En 2022, la mairie de Lille a sollicité des habitants en précarité pour travailler sur le plan de lutte contre les exclusions. Sollicitée par l'animatrice du centre social, Christelle a répondu présente. L'association Participation et fraternité a réuni des personnes qui, ensemble on créé le groupe "la courée fraternelle". Christelle raconte : "on a proposé nos idées, on a écrit des projets, surtout l’idée d’une maison ressources où on peut trouver des personnes pour nous aider à comprendre nos droits, sans forcément avoir besoin d’une assistante sociale". Le groupe est allé présenter son projet au Conseil municipal qui l'a voté à l'unanimité. Une "Maison des solidarités" ouvrira le 17 octobre 2024. Et la courée fraternelle collabore à sa création. "Avec tout ça, Je me sens reconnue", témoigne Christelle". Et elle ajoute : "et pas que moi" et enchaîne : "aujourd’hui la courée fraternelle est sollicitée pour mettre en place le Territoire Zéro non-recours du quartier de Wazemmes. On démarre tout juste !"
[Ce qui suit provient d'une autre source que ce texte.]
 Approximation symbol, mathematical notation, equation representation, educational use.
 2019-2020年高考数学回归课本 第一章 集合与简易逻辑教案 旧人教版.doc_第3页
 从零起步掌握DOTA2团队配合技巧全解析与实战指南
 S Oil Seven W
Le leitmotiv de l'expérience territoire Zéro non-recours : pas des aides, mais l'effectivité des droits 

Justement, à Arras, Aquilina, militante d'ATD Quart-Monde, est impliquée dans l'expérimentation Zéro non-recours sur le territoire où elle vit. Elle témoigne : "c'est un engagement politique. C'est pour aider les gens à avoir leurs droits. Pas une aide mais leurs droits. Le droit au RSA, au logement, à la santé. On travaille avec les travailleurs sociaux et on fait des croisements des savoirs et des universités populaires. On leur dit nos expériences de vie. Beaucoup de gens ne connaissent pas leurs droits ou sont embêtés avec tous les papiers administratifs à faire... Il y a beaucoup de services publics qui ont été enlevés, des choses faites avec des tablettes numériques et les gens ne sont pas accompagnés. Ca fait beaucoup de dégâts. Si vous vous trompez de case, on vous prend pour un fraudeur et après ça fait des dettes". 
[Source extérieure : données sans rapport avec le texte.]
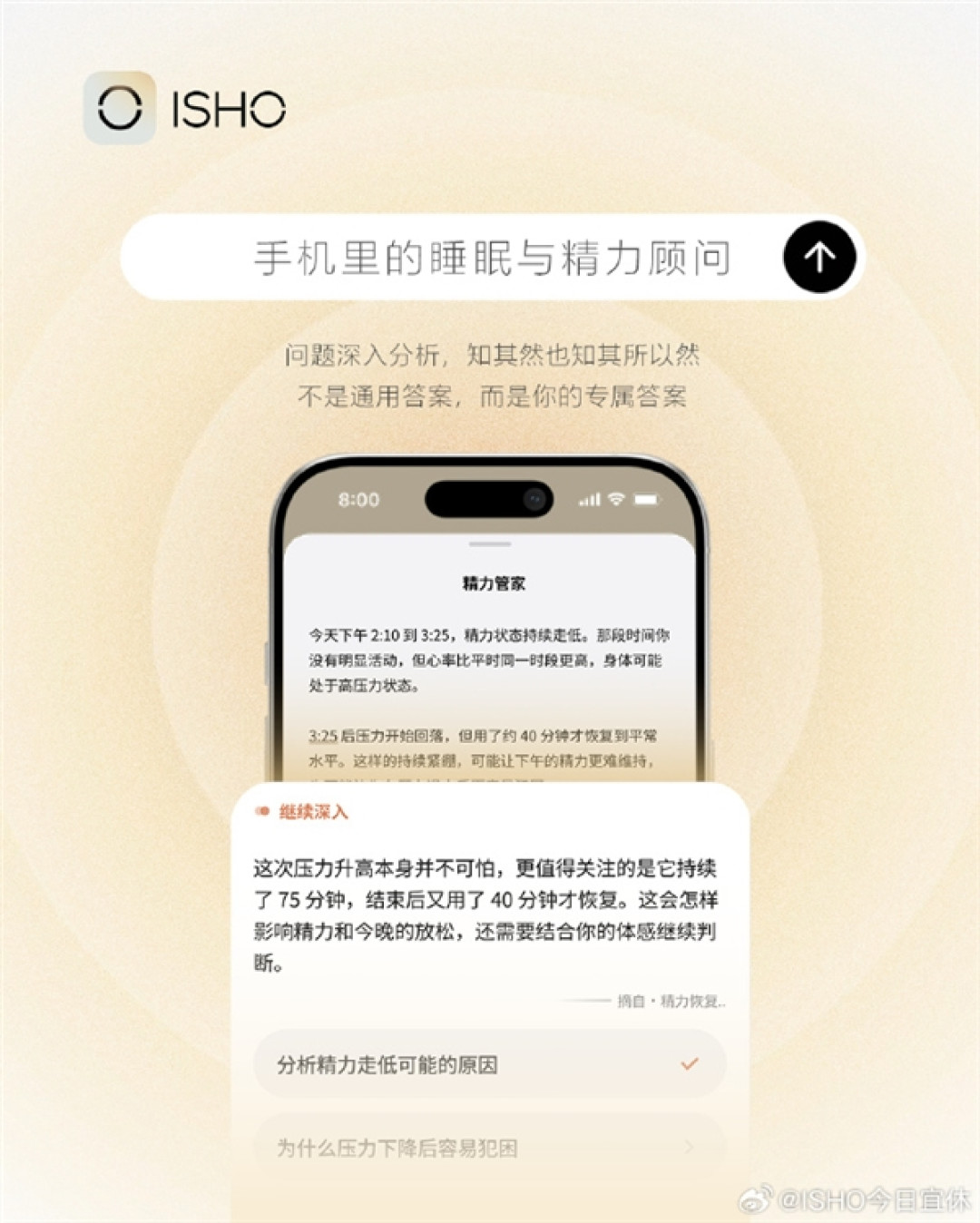 王腾创业公司首款App!今日宜休ISHO开启内测:仅支持iOS、需配合Apple Watch使用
Des politiques publiques construites avec les plus pauvres

Au plan national, le Conseil national des politiques de Lutte contre la pauvreté et les exclusions (CNLE), organe de consultation rattaché au Premier Ministre, compte en son sein un "cinquième collège" , constitué de personnes qui vivent la pauvreté. Daniel Maciel est membre de ce conseil comme responsable associatif et témoigne de l'importance de la participation de personnes vivant la pauvreté au travail de cet organisme. "Ca paraît un peu symbolique parce que c'est peu de personnes", convient Daniel Maciel. Mais pour lui, "c'est un symbole très fort parce que ça veut dire que des politiques publiques vont être construites à partir et avec des personnes qui ont ce savoir d'expérience, en le confrontant au savoir universitaire et au savoir professionnel". 
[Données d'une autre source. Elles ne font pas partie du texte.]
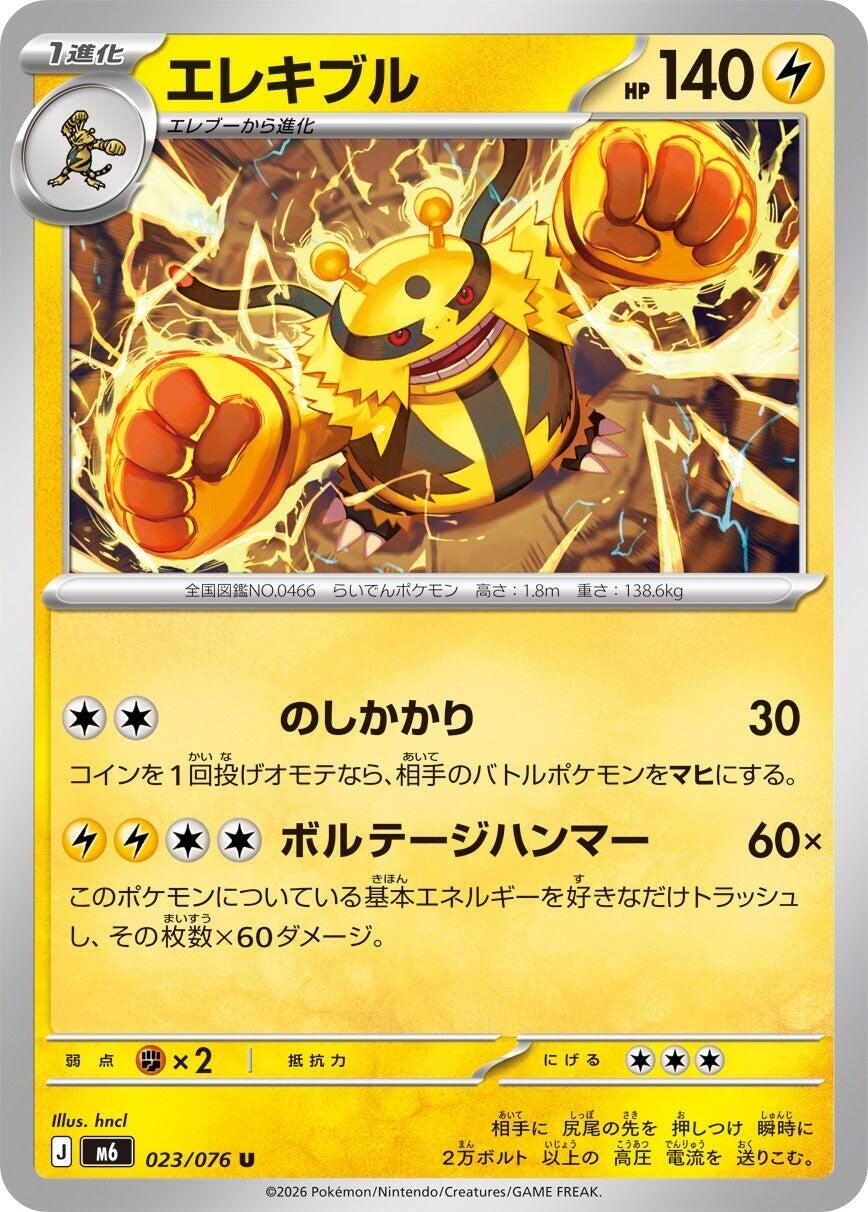 Electivire - 023/076 [m6 - 023/076]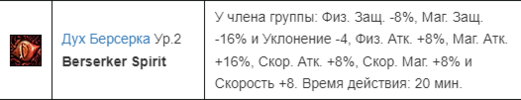 1692891161144.png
L'effacement de la société civile dans la construction des politiques publiques 

Marie-Aleth Grard, membre elle aussi du CNLE se désole pourtant que le "travail remarquable fait dans cette instance" ne soit pas pris en compte par les responsables politiques en place. Elle insiste : "Depuis 7 ans, on nous consulte sans arrêt et on ne voit tellement pas la vie des gens qui change !" Pour Alexandre Poidatz, cela témoigne plus largement de "la manière dont  les politiques publiques ont été façonnées ces dernières années" : il estime que la décision publique est marquée par "l'absence de la société civile dont la parole n'est actuellement pas prise en compte". Pour lui, ce travail des responsables politiques avec la société civile "serait une voie de solutions pour lutter contre la pauvreté".